A.Magnetic resonance angiography (MRA)
B.Plain radiographs
C.Computerized tomography angiography (CTA)
D.Ultrasound
E.Contrast angiography
VASCULAR ULCER MANAGEMENT
4.After assessing a patient who is malnourished and has a punched-out ulcer on the lower lateral leg, you decide to perform an ankle-brachial pressure test, which shows a value of 0.4. What does this result suggest?
A.Normal lower limb vasculature.
B.Imminent ischemic gangrene is likely.
C.Critical stenosis is present that warrants further intervention.
D.Vessels are significantly calcified.
E.Predominantly venous disease.
TISSUE RECONSTRUCTION AND WOUND CLOSURE
5.What was the main limitation of the original reconstructive ladder concept?
A.It did not include free tissue transfer.
B.The concept could only be practiced by plastic surgeons.
C.It did not include dermal matrices or negative pressure therapy.
D.The reconstructive process was performed in a stepwise manner.
E.Primary closure was the first rung on the ladder.
NEGATIVE PRESSURE WOUND THERAPY
6.You are planning to temporize an abdominal wound with a negative pressure dressing after debridement. Which one of the following is correct regarding negative pressure wound therapy?
A.It increases local blood flow and granulation tissue production.
B.It reduces fluid exudate.
C.It is contraindicated in recently debrided wounds.
D.It can be useful for treating fistulas.
E.It reduces mitotic activity in the wound.
WOUND DEBRIDEMENT
7.A 47-year-old paraplegic patient presents with a grade 3 sacral pressure sore. Examination shows a 7 ᵡ 8 cm chronic wound with eschar, fibrinous exudate, and granulation in the wound bed. In order to optimize accuracy at the time of surgical debridement, which one of the following adjuncts would be most useful intraoperatively?
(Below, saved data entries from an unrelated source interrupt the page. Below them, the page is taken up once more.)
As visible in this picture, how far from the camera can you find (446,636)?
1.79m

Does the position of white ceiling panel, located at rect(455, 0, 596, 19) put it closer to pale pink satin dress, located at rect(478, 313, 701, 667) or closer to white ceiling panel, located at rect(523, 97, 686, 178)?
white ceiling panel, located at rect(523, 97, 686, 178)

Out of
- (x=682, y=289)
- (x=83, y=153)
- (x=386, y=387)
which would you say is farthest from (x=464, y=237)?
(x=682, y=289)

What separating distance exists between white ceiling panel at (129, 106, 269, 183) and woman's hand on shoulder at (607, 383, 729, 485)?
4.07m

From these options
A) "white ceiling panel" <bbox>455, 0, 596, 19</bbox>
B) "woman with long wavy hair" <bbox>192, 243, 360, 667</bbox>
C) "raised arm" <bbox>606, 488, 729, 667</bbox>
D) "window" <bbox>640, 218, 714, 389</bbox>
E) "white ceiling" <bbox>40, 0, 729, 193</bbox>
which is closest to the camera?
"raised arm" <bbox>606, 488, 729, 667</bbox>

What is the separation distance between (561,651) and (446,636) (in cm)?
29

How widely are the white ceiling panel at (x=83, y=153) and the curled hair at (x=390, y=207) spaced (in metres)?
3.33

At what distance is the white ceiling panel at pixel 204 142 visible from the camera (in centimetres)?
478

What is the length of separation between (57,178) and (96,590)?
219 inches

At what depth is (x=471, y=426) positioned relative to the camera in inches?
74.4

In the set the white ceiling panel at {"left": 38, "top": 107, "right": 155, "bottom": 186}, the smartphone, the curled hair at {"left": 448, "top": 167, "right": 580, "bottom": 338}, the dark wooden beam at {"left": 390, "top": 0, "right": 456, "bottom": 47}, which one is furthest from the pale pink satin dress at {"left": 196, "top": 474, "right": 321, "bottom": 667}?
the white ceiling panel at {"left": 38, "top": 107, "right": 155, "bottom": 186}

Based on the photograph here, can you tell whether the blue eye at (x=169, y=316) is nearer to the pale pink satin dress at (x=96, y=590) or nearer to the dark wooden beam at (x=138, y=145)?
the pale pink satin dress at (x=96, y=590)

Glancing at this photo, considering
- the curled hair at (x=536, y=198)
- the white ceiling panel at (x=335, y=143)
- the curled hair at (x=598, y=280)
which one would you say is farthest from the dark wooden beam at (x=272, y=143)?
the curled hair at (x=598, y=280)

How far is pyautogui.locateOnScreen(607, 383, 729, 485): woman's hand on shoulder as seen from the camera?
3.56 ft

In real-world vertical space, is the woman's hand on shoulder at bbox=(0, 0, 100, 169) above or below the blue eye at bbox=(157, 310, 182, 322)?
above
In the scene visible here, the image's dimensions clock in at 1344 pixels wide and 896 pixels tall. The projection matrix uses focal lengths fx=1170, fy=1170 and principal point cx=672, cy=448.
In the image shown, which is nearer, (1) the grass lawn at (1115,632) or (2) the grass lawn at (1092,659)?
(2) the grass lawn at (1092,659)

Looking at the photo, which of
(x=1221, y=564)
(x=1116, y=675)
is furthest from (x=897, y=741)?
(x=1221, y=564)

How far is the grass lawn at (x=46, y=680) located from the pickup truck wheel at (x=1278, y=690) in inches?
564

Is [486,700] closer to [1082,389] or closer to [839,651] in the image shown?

A.Quantitative tissue cultures
B.Frozen section biopsy
C.Iodine brown solution
D.Methylene blue dye
E.Indocyanine green dye
COMPLICATIONS OF RADIOTHERAPY
8.A 68-year-old male has undergone postsurgical radiotherapy to the right side of the neck and mandible for management of an intraoral squamous cell carcinoma (SCC). He now presents with symptoms of pain and swelling over the mandible and has reduced mouth opening. Examination shows bone exposed through the skin surface (sequestrum).